I posted this as a coment on Joe Hewitt's blog, but feel it needs its own home, so indulge me. Thsi is perhaps the first time I've seen the Web Standards Project atually blamed for the lack of standards development, but Joe is sure an innovative guy. I'm not sure whether to be sad, angry, or just nonplussed. Or maybe it's an elaborate joke?

That the iPhone is not like a return to the bad old days of "best viewed in" - is for the simple reason that the Web Standards Project, and many many individual web developers, as well as those associated with commercial and open source browser development worked really hard, at a time when it was barely heard of, to advocate for a standards based web - not the balkanized, anarchic web introduced orignially by Netscape, and then contributed to by browser and web developers alike for many years.

Frankly, to blame the web standards project for the lack of development of standards is flat out wrong Actualy, it's BS IMO. You can't rerun history, but with Netscape crashing and burning, and long before Mozilla, let alone Firefox put some pressure on Microsoft, IE had effectively a monopoly on web browsing. It's hard to see what else would have brought about the pretty stable, standards based web ecosystem we have today in the absence of the combined positive and critical pressure that this organization brought to bear on all browser developers, the evangelism of the values and value of these standards it undertook, along with with the countless hours many folks spent on newsgroups, mailing lists, developing web sites, and otherwise helping web developers learn CSS, valid HTML, accessibility and the like.

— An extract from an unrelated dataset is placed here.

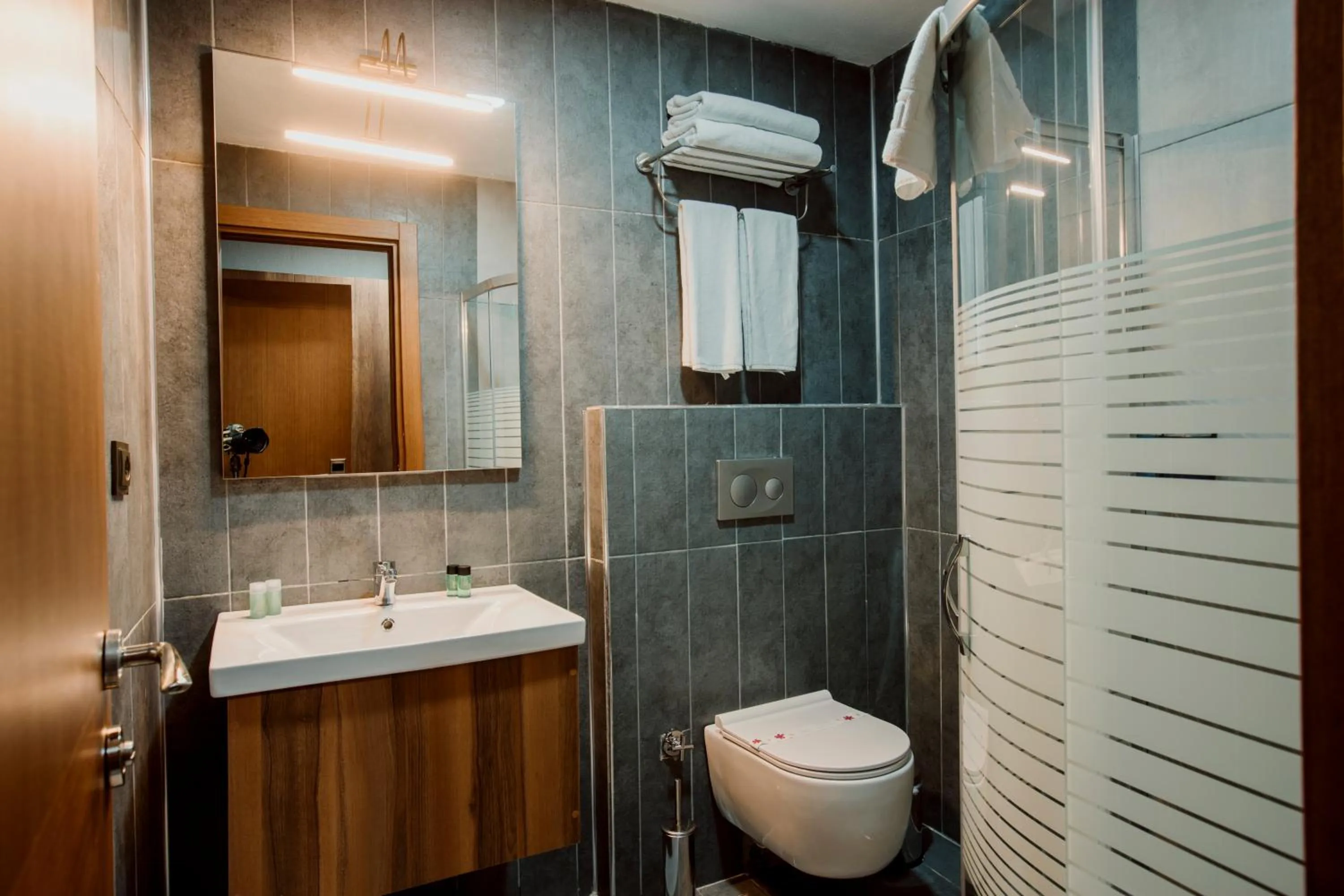 Bathroom in Istanbul Airport Express Hotel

You've done pretty well out of the standards based web Joe - so be a bit more grateful to those who worked very hard, and frankly in many cases sacrified a lot to make it a reality.

To follow a second tangent, imagine that a lot of the WPF/Silveright (no criticism of these, BTW) had been pured back into IE, um I mean standards. Do you think we'd have the Firefox we do today? It barely does SVG, so would it be a first class web citizen trying to support a much more complex rich set of technologies? What about Opera? Even Safari. And whose to say that the development of these standards would have moved ahead more steadily than CSS3? I really need some convincing that the Web Standards Project caused all this.

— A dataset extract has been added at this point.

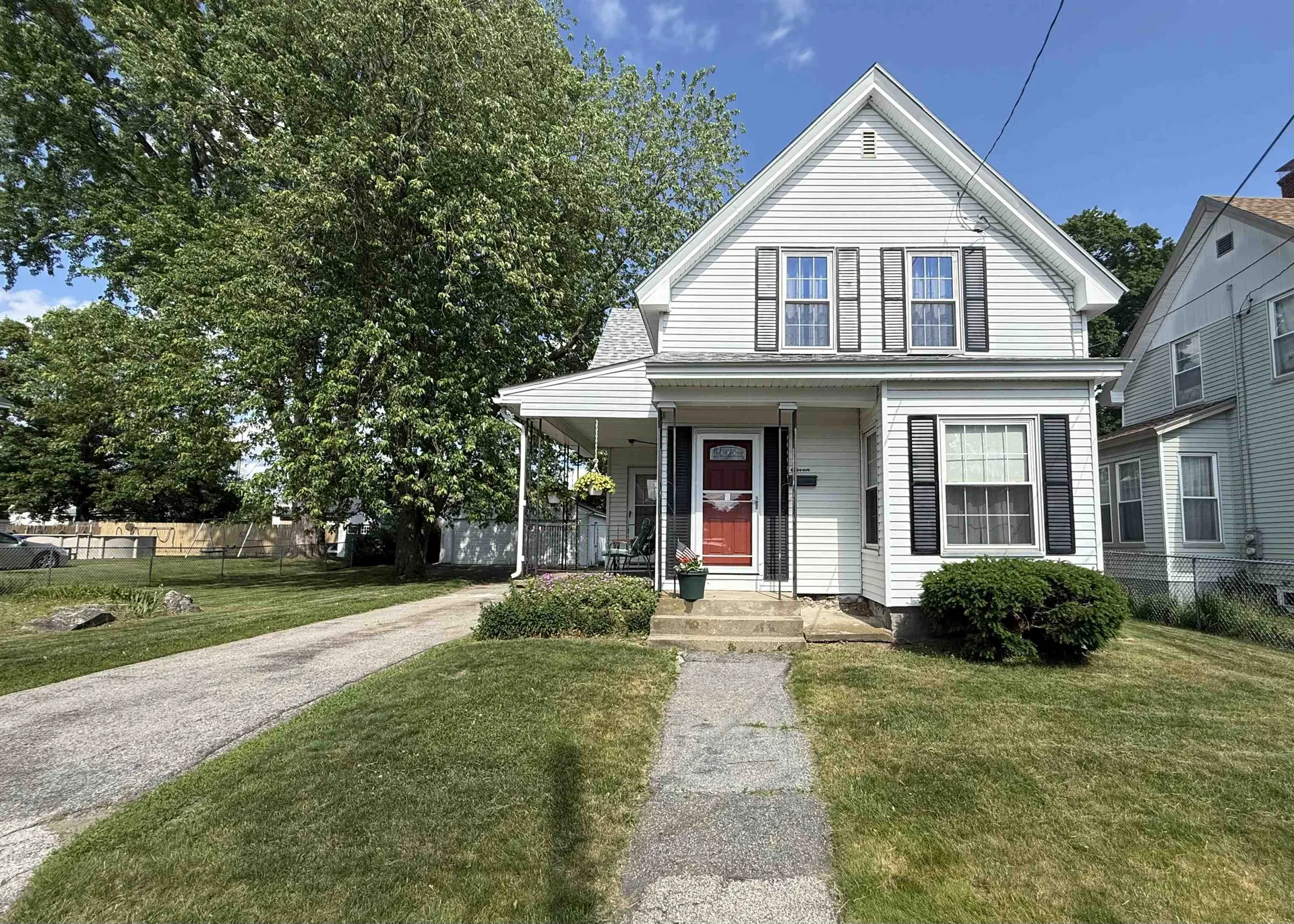 11 Foster Avenue Manchester NH 03103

As to the iPhone, Safari, AFAIC, does innovation right. They work within a stable framework of innovation, as the pain of the years of the version 4 and 5 browsers taught us - for example, the use of -webkit- prefixes for experimental CSS, and in implementing features like text-stroke, border-radius, and box-shadow which of their nature gracefully degrade.

Don't tell those folks who worked very hard to make the web what it is that they "don't even understand how standards come to be in the first place", or that they are blinded by dogma. Of course there are always those who will, but to lump all of those who support standards in with them, and then to suggest that it was the very people who most helped the web who effed it up, well, you are simply overreacting.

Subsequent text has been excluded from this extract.